Dag Kittlaus: How are you guys doing?  Well its good to be home, I have to say, it’s good to be back in Chicago.

I was going to talk a little bit about the future for a few minutes.  We’re going to have time for a lot of Siri stuff and I’m going to tell you a bit of the stories and so on, so we’ll leave a bit of time for Q&A.

But first I have a question, how many of you guys have heard of the law of accelerating returns? A few of you, I see.  It’s going to change the world and its really creeping up on us quickly.  It’s basically allowed us to hasten progress… information technology gets twice as powerful every year.  If I had to walk across this stage and take 30 steps, I’d get approximately to Seth.  But if I take 30 steps exponentially, which is what this law is about, I’d be on the moon.

There’s going to be some very strange things that are going to start happening as this law takes effect now.  Siri and being able to talk into your phone and other things are really just the beginning.

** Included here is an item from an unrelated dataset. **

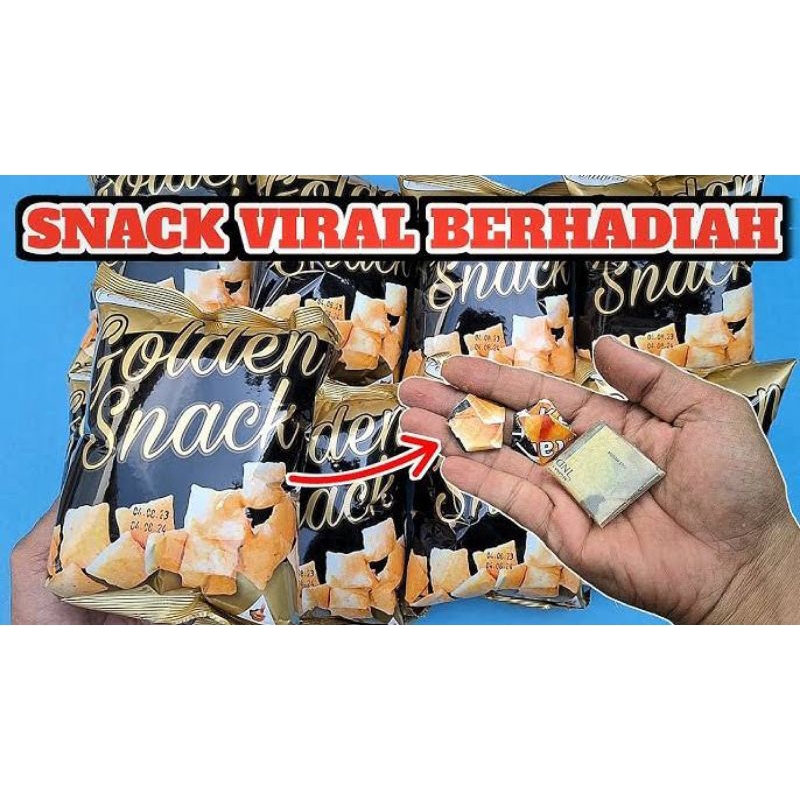 SNACK BERHADIAH GOLDEN SNACK 1 BALLS ISI 10 PCS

In 25 years, the hottest consumer product on earth is going to be a home printer.  It’s going to be a 3D printer, only, it’s not printing out paper. You’ll send somebody a note, and you’ll attach… a pizza.  And when you print it out, you’re going to be printing out the real thing… and it’s going to be hot… and it’s going to have just the right amount of spices on it. It’s going to give us exactly what you ordered.

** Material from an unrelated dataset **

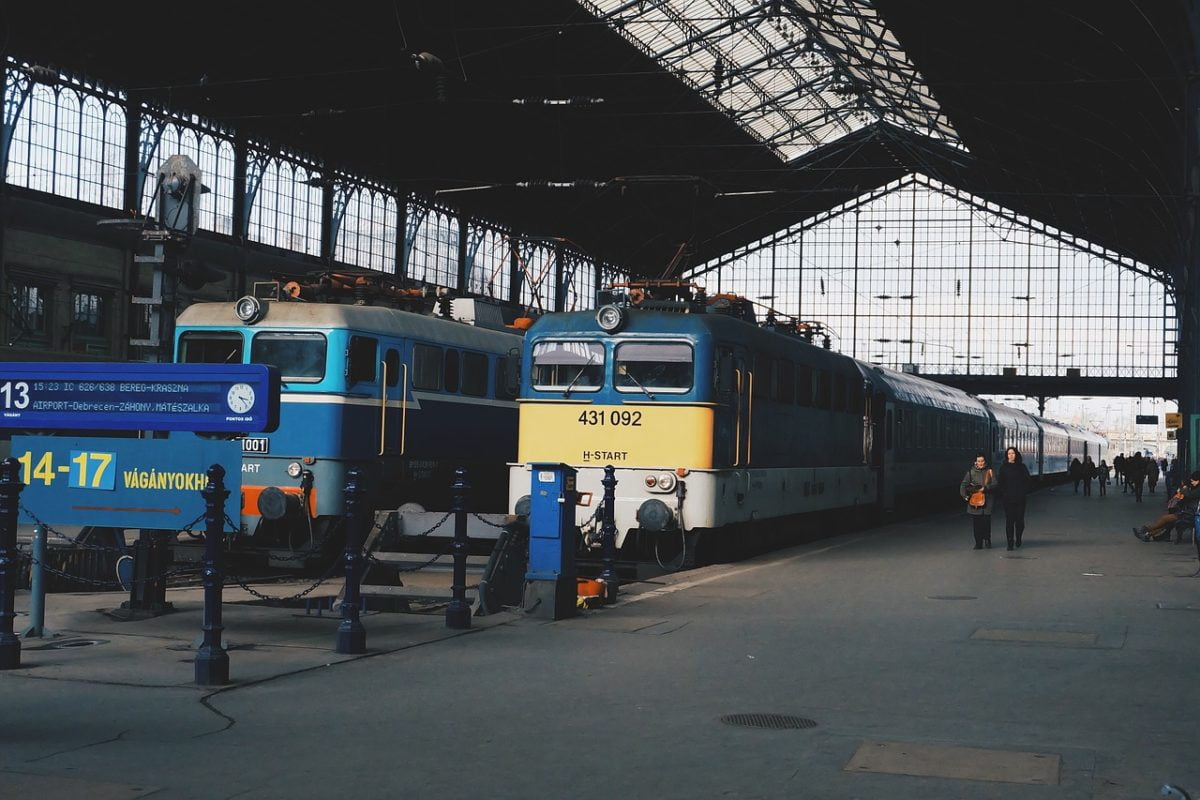 Tåg i Ungern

They’re doing this today with organs for example. Human organs.  They’re already using technologies like this, in 3D printing, to take a DNA sample from somebody, plug it into a printer and have it print out an organ that’s based on your own DNA. There’s incredible stuff that’s coming.  In fact one of the implications of this and an easy way to think about it, is that over the next century, so the 2000s as opposed to the 1900s, instead of getting 100 years of progress like from the last century, you’re going to have the equivalent of 20,000 years of progress.

 

"... there’s a lot coming. Be prepared for the fact that life is going to change a lot in the next few decades." Photo credit, Tom Giles of StageBloc

So there’s going to be a lot of strange things that are going to be going on with us. Some people out there right now are saying “Dag, are you out of your mind?”  Am I even going to be alive to see anything like that in my life? Well there’s good news on that front too, because, in the same time frame, there’s a high likelihood that they’re actually going to cure death.  Every time your cells metabolize, there’s a chromosome that gets just a little bit shorter, and when it reproduces itself, it does a job that’s not quite as good as it did the last time, and that’s essentially what aging is.

So we don’t quite, at a certain period… you’re not quite as good as you used to be.  As an old man now myself, that’s an unsettling thought.  But, they’re starting to learn how to turn that off.

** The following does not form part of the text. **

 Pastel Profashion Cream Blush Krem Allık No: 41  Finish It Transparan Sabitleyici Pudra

So imagine that, you’ve got a cut, you’re a kid…or my son skins his elbow, and a day and a half later I can’t even see it anymore.  So, what’s going on with that? It’s a very big idea, but essentially, they’re starting to understand how to stop that and potentially to reverse it.

And there’s an ongoing debate today… is the first person that’s going to be 500 years old, alive today, right now? So there’s incredible stuff going on.  When I look at artificial intelligence in just what’s gone on in the last 3 years, in that space, it is astounding.

So there’s a lot coming.  Be prepared for the fact that life is going to change a lot in the next few decades. Quite incredible.

In 2007, I went out west, actually I was working at Motorola and I was quite frustrated with some decisions that they were making over there at that time.  So I packed my bags and I went west and I was working with Stanford Research. And Stanford research is one of the top research organizations in the world, they have about 2000 R&D people.  And the stuff that’s going on in there is absolutely incredible.

In fact, one of the things that I looked at when I was thinking about what company to startup, I was running around to talk to a bunch of people to see what the technology would be, and one of them was DNA dating.  They had a bunch of work in this area and it sounds far fetched, but maybe a little bit premature for its time.  That was one of the companies that I was actually looking at.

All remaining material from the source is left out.